──────── DATA TO USE
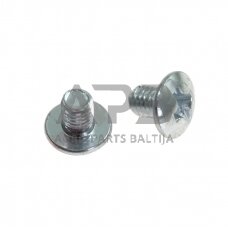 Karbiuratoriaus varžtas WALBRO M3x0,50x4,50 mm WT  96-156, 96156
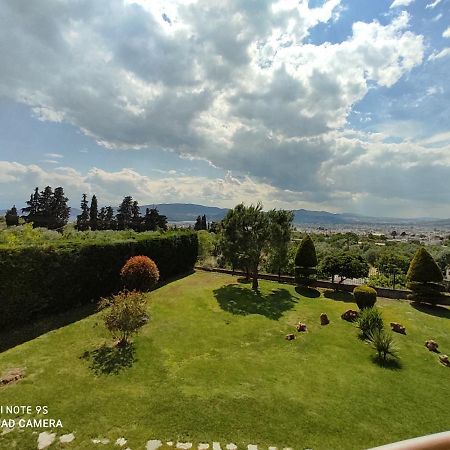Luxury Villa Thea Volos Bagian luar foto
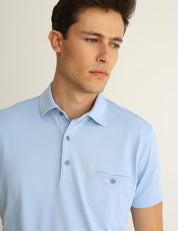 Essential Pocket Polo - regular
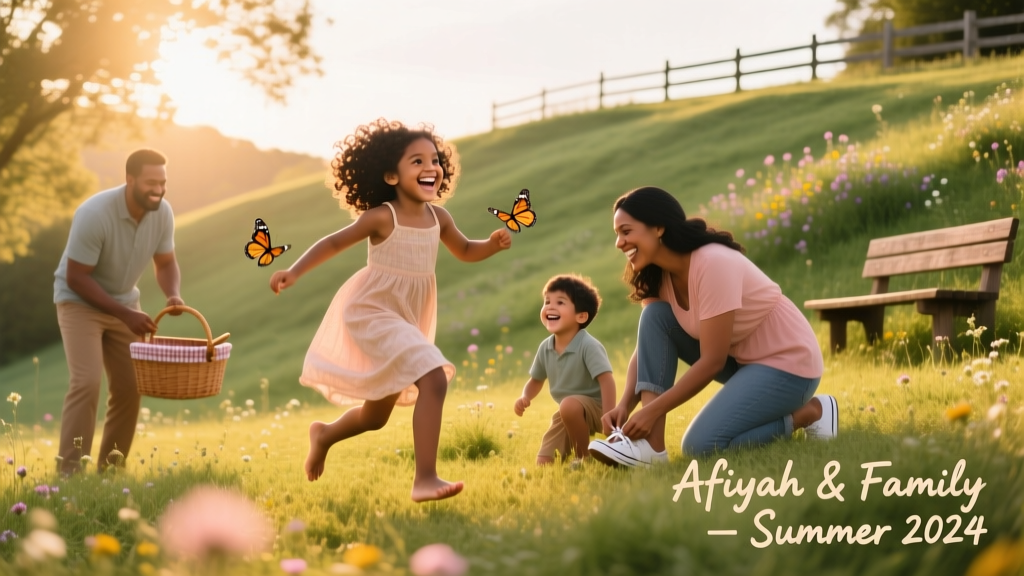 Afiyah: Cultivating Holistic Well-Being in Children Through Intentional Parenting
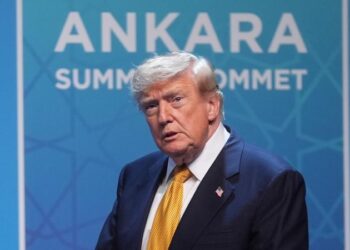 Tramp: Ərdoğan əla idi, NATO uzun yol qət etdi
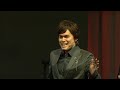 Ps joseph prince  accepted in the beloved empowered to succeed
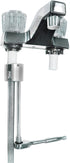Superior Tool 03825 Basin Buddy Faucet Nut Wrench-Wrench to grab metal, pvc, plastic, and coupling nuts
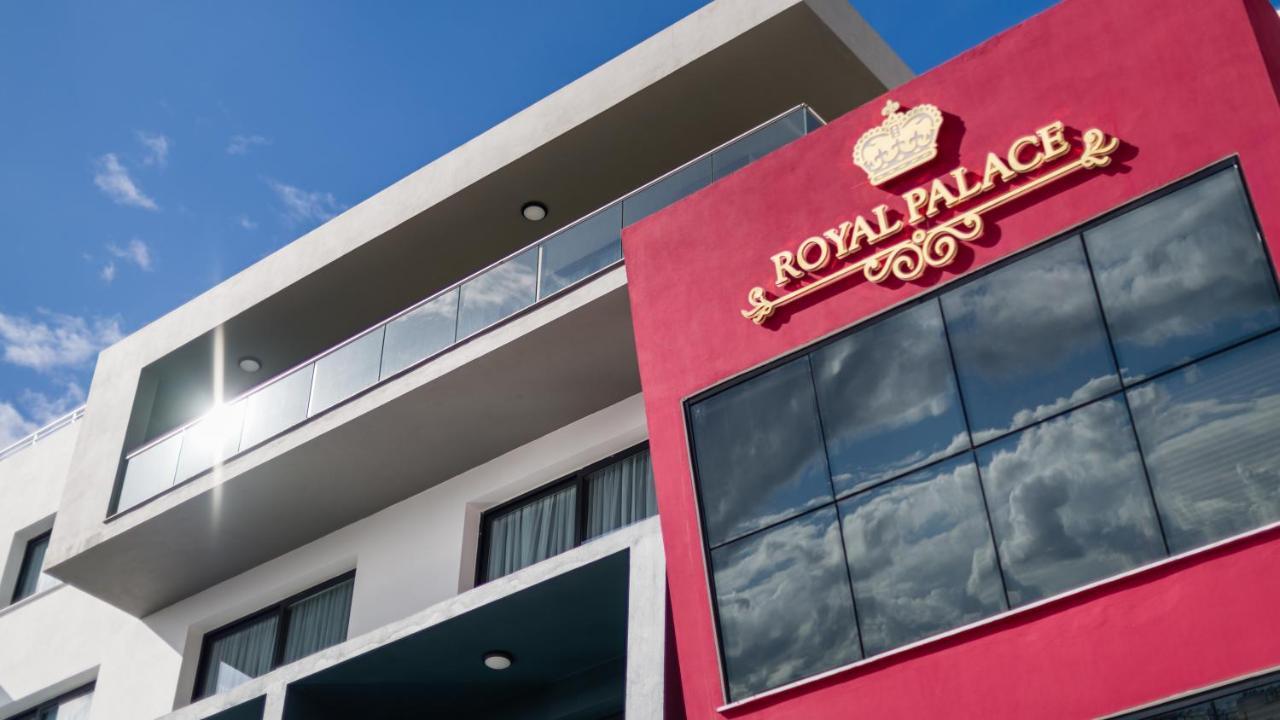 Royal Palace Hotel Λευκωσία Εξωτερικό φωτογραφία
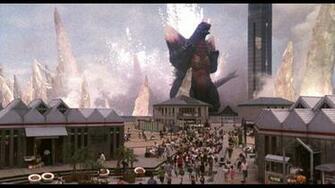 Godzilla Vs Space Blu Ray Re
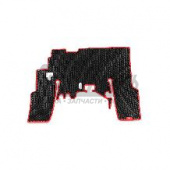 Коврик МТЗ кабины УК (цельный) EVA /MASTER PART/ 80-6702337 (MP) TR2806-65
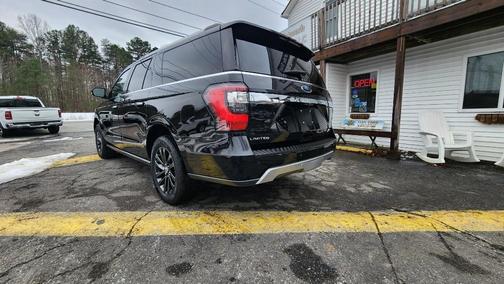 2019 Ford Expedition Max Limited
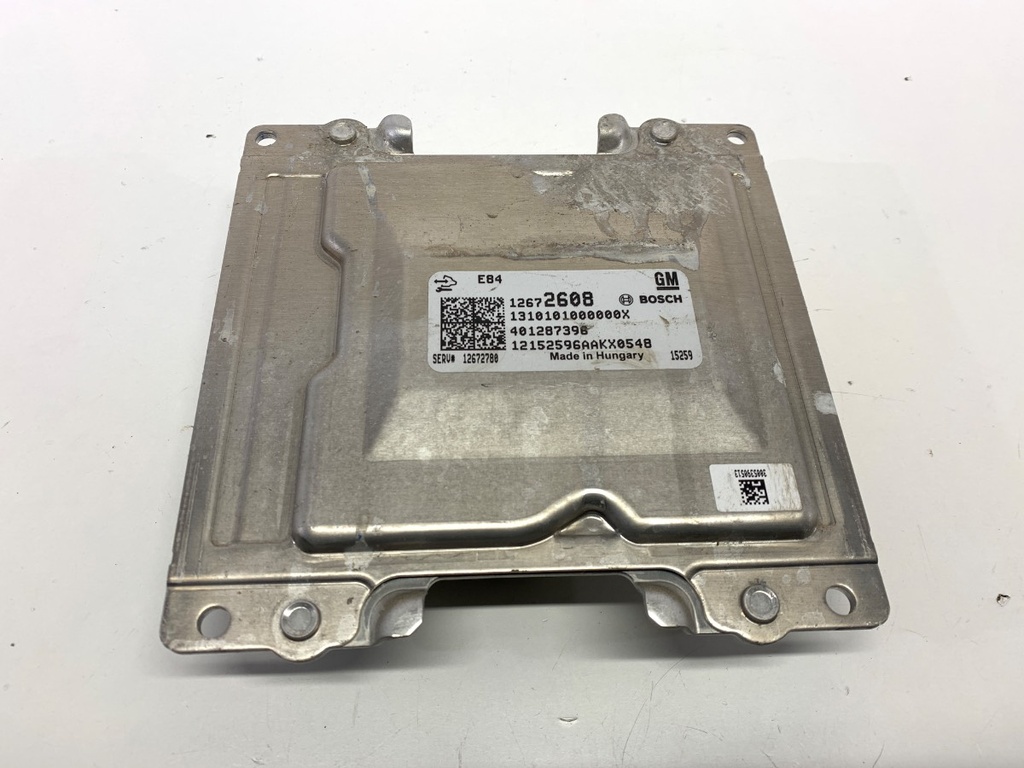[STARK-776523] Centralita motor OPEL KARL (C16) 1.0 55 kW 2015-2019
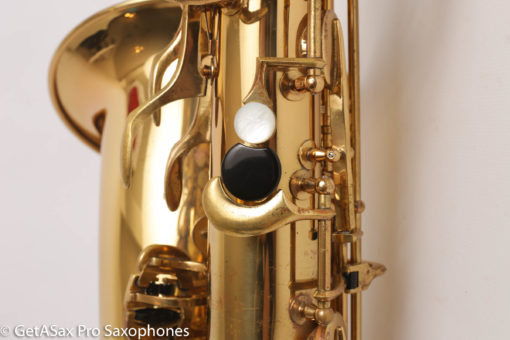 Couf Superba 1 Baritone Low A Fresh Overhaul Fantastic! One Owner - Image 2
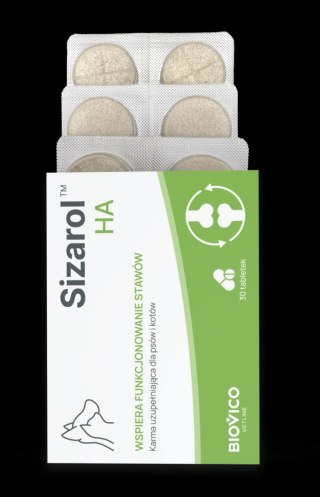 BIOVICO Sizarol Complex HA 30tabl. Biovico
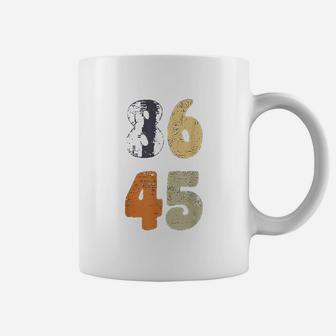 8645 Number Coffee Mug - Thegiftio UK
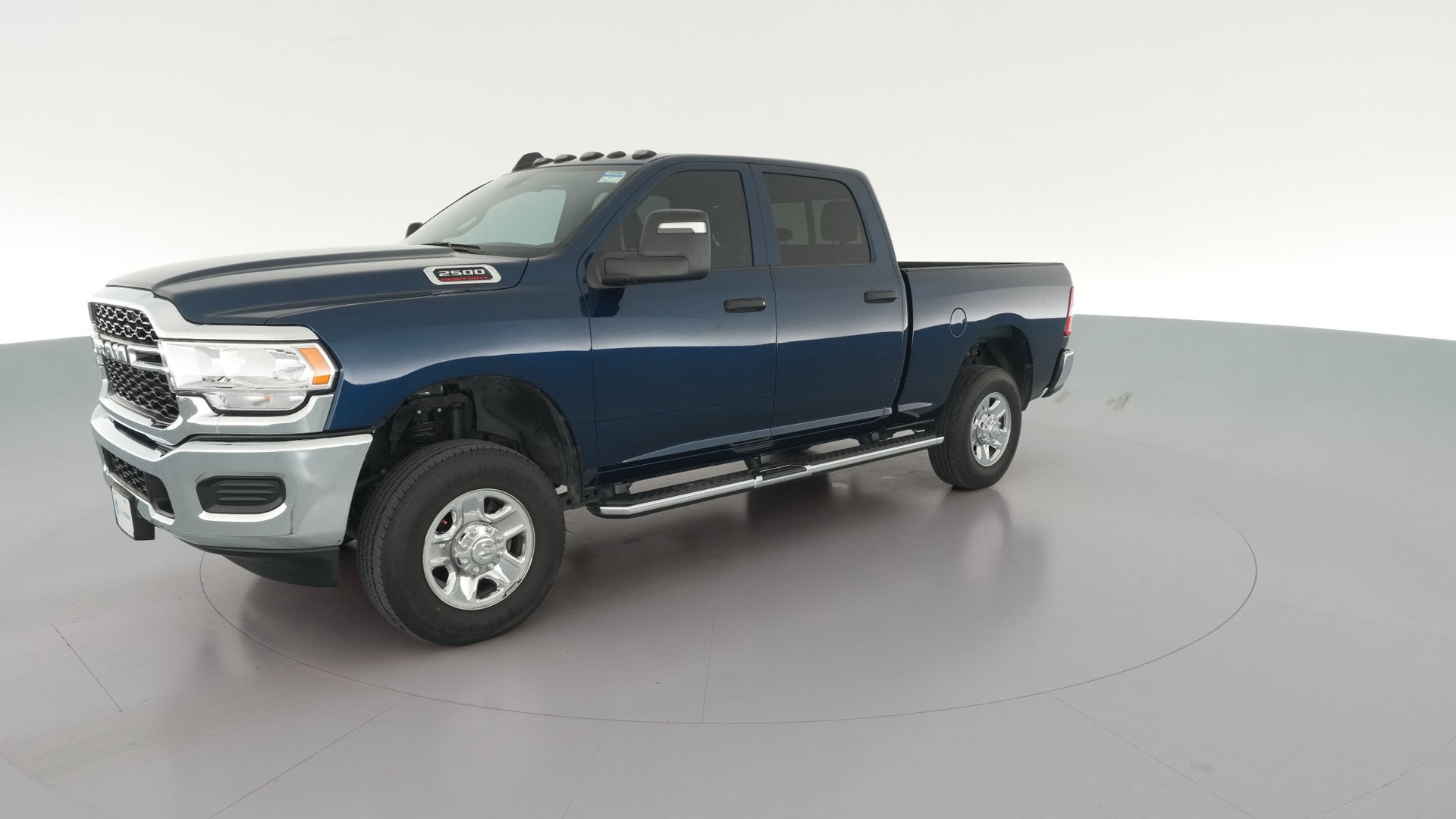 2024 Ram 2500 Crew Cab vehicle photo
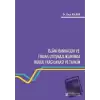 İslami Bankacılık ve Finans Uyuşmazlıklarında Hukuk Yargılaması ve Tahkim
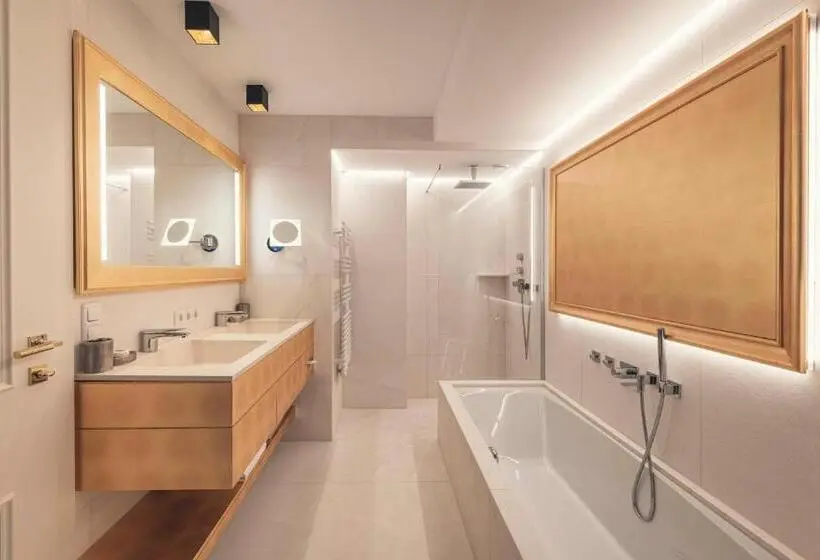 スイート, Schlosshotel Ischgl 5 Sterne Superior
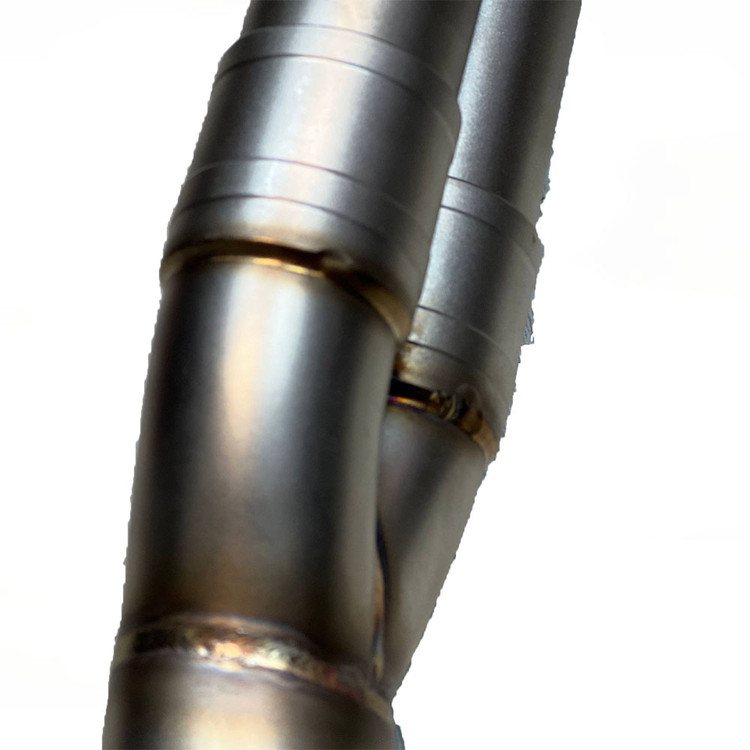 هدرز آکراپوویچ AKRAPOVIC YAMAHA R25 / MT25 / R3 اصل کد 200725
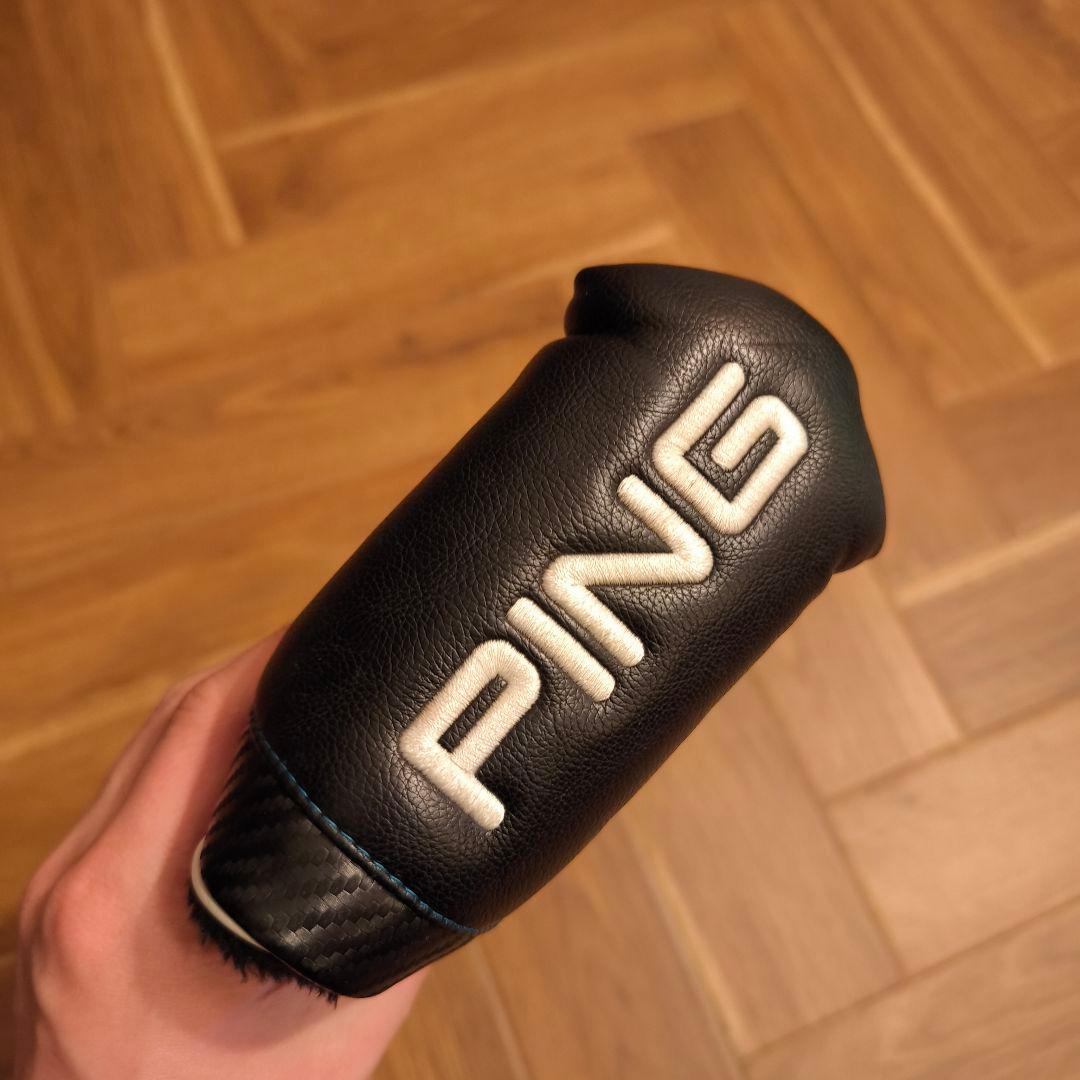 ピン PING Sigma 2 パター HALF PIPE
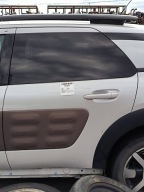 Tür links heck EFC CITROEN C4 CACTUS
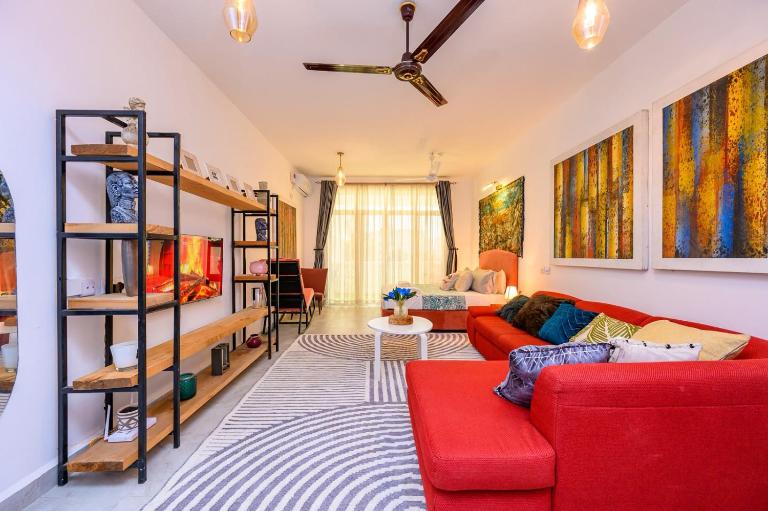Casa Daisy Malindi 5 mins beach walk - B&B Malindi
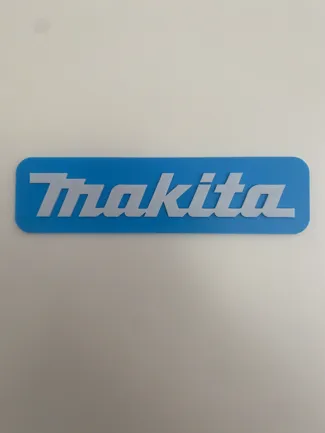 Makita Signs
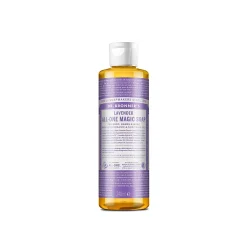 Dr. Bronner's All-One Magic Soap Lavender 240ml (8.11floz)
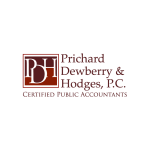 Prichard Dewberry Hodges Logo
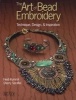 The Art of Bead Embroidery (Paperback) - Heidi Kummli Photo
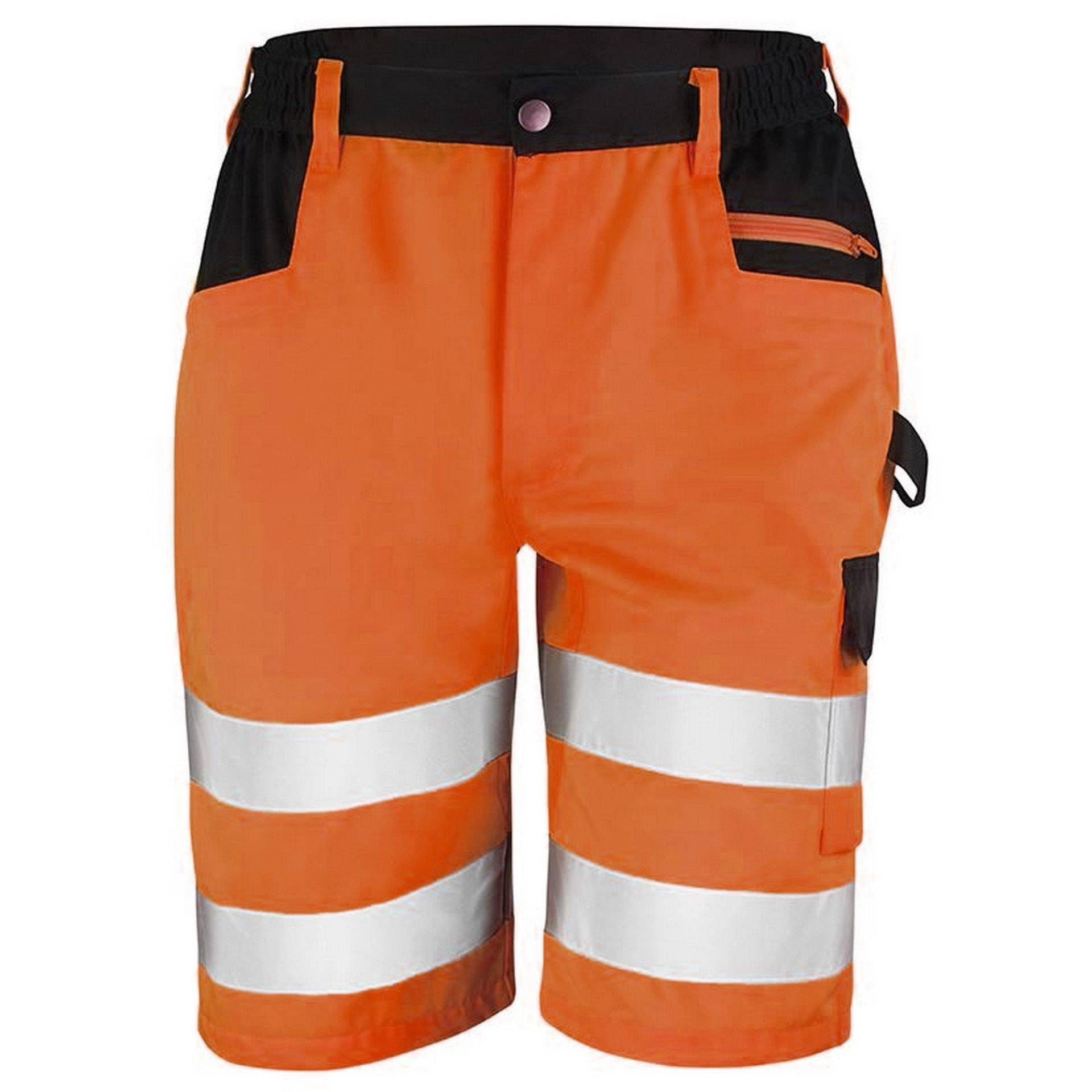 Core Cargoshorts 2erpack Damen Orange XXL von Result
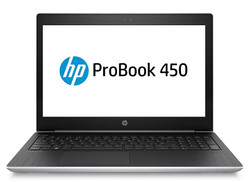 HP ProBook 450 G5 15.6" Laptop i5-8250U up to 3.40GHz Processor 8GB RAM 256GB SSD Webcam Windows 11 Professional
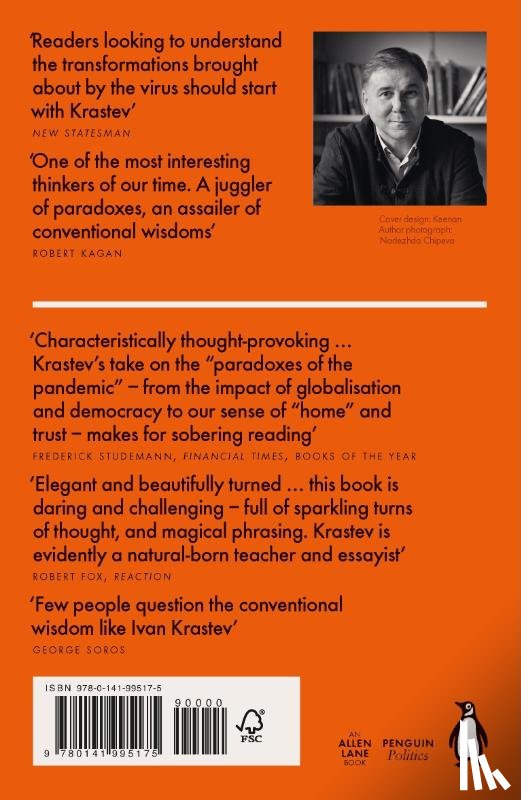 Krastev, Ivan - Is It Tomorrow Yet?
────────────────
▸ TASK BRIEF
Exclude the pictures and reproduce every entry exactly.

▸ RESULT
 Karbiuratoriaus varžtas WALBRO M3x0,50x4,50 mm WT  96-156, 96156
Luxury Villa Thea Volos Bagian luar foto
 Essential Pocket Polo - regular
 Afiyah: Cultivating Holistic Well-Being in Children Through Intentional Parenting
 Tramp: Ərdoğan əla idi, NATO uzun yol qət etdi
 Ps joseph prince  accepted in the beloved empowered to succeed
Superior Tool 03825 Basin Buddy Faucet Nut Wrench-Wrench to grab metal, pvc, plastic, and coupling nuts
 Royal Palace Hotel Λευκωσία Εξωτερικό φωτογραφία
 Godzilla Vs Space Blu Ray Re
 Коврик МТЗ кабины УК (цельный) EVA /MASTER PART/ 80-6702337 (MP) TR2806-65
 2019 Ford Expedition Max Limited
[STARK-776523] Centralita motor OPEL KARL (C16) 1.0 55 kW 2015-2019
 Couf Superba 1 Baritone Low A Fresh Overhaul Fantastic! One Owner - Image 2
 BIOVICO Sizarol Complex HA 30tabl. Biovico
 8645 Number Coffee Mug - Thegiftio UK
 2024 Ram 2500 Crew Cab vehicle photo
 İslami Bankacılık ve Finans Uyuşmazlıklarında Hukuk Yargılaması ve Tahkim
 スイート, Schlosshotel Ischgl 5 Sterne Superior
 هدرز آکراپوویچ AKRAPOVIC YAMAHA R25 / MT25 / R3 اصل کد 200725
 ピン PING Sigma 2 パター HALF PIPE
 Tür links heck EFC CITROEN C4 CACTUS
Casa Daisy Malindi 5 mins beach walk - B&B Malindi
 Makita Signs
 Dr. Bronner's All-One Magic Soap Lavender 240ml (8.11floz)
 Prichard Dewberry Hodges Logo
 The Art of Bead Embroidery (Paperback) - Heidi Kummli Photo
 Core Cargoshorts 2erpack Damen Orange XXL von Result
 HP ProBook 450 G5 15.6" Laptop i5-8250U up to 3.40GHz Processor 8GB RAM 256GB SSD Webcam Windows 11 Professional
 Krastev, Ivan - Is It Tomorrow Yet?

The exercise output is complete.